Now the ball, on a twist serve, may very well deform a bit differently than it does on other types of serve. However, this is not really the underlying cause of the way bounces. The ball bounces the way it dues because of the way the ball interacts (rolls/skid/etc) with the ground. This interaction is influenced by the speed, the spins and trajectory on the ball prior to the bounce.

Note that (vertical-axis) sidespin does not directly affect the bounce (height or direction) according to physicist, Rod Cross. OTOH, horizontal-axis spins do have an effect on bounce height and direction. The most common of these is topspin and underspin. A ball that bounces off to the left or right, relative to the pre-bounce direction, indicates the presence of spiralspin as toly has indicated. This type of spin accounts for the left/right deviation seen on the bounce of a twist serve.

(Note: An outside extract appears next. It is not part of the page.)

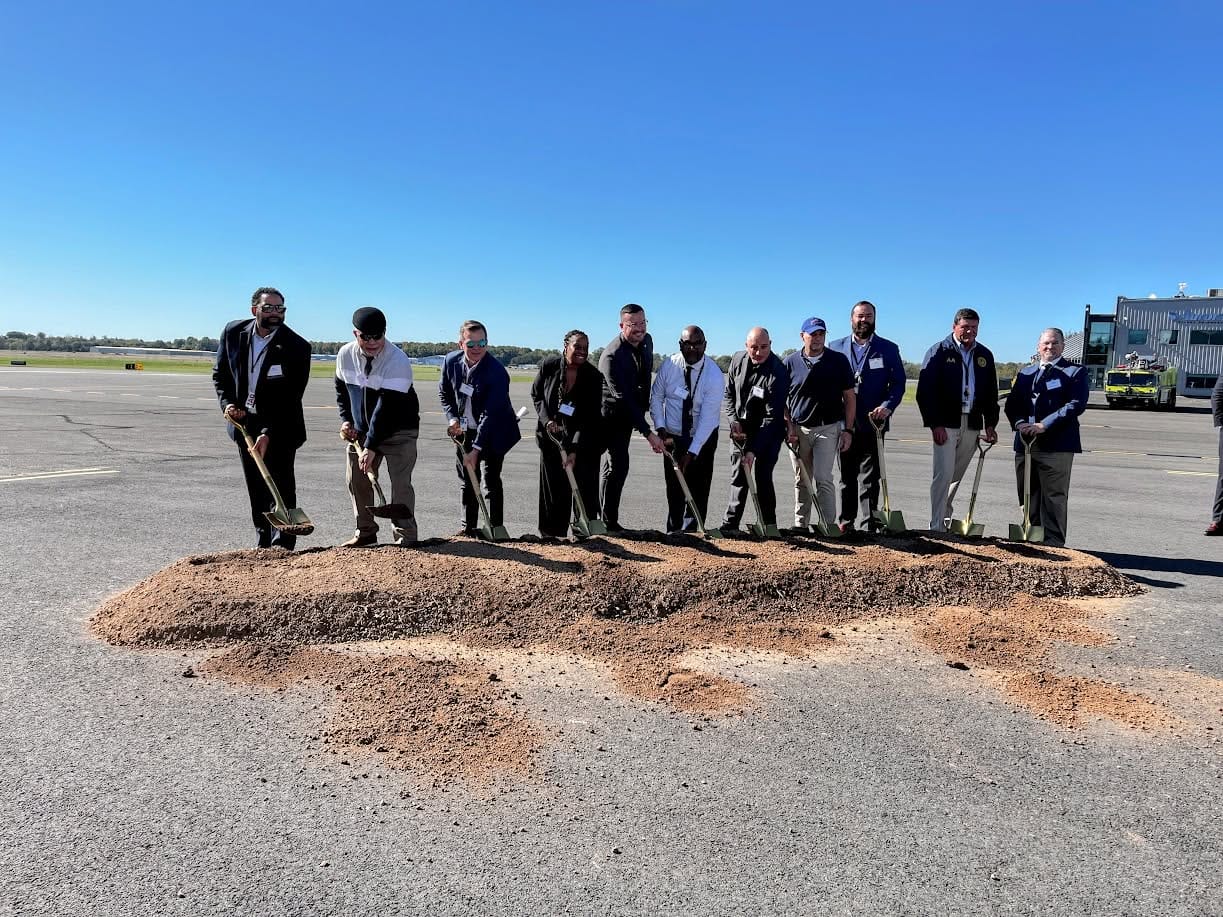 Officials break ground on the new air traffic control tower at Washington Manassas Airport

I've been talking about spiral spin for 4-5 years in these forums -- there are quite a few threads that discuss this type of spin. In his book, Technical Tennis, physicist Rod Cross refers to it as spiralspin, However, in his TWU article on kick serves, Rod refers it as gyrospin. It is sometimes aka Z-axis spin or longitudinal spin. Table tennis players refer to this spin type as corkscrew spin (or corkspin).